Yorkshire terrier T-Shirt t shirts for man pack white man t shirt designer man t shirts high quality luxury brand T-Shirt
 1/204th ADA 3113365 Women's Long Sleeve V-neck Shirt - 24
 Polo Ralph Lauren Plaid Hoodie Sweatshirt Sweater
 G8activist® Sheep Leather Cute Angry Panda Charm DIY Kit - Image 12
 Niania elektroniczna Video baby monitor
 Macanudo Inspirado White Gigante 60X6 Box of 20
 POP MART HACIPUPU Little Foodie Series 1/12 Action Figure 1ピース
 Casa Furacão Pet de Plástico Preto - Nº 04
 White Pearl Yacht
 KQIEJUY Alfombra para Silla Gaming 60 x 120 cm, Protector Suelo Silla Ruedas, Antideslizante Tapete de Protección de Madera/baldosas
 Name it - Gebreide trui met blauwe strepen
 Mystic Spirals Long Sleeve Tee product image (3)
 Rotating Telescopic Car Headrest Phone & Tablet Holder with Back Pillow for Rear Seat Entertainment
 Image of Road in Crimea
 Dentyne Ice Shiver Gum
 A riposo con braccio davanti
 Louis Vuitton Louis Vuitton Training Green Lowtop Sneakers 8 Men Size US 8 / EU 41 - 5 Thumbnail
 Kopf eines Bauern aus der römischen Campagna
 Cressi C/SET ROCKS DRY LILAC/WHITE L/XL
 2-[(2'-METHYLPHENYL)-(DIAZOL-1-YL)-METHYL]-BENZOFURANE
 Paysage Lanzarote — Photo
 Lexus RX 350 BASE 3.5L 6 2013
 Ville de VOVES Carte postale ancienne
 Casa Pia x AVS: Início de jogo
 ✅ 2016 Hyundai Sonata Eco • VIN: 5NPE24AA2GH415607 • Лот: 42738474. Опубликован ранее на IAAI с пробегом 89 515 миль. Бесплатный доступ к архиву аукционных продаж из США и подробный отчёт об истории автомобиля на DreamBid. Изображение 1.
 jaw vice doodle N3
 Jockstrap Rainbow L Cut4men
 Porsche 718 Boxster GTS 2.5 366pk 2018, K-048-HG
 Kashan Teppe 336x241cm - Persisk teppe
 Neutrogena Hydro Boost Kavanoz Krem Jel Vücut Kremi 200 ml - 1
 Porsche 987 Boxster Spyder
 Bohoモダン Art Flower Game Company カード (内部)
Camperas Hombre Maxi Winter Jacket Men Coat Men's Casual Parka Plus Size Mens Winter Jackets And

▶ _Try it_
Go through the records and show every line with the string "Casa" in it.

▶ _Your response_
 Casa Furacão Pet de Plástico Preto - Nº 04
 Casa Pia x AVS: Início de jogo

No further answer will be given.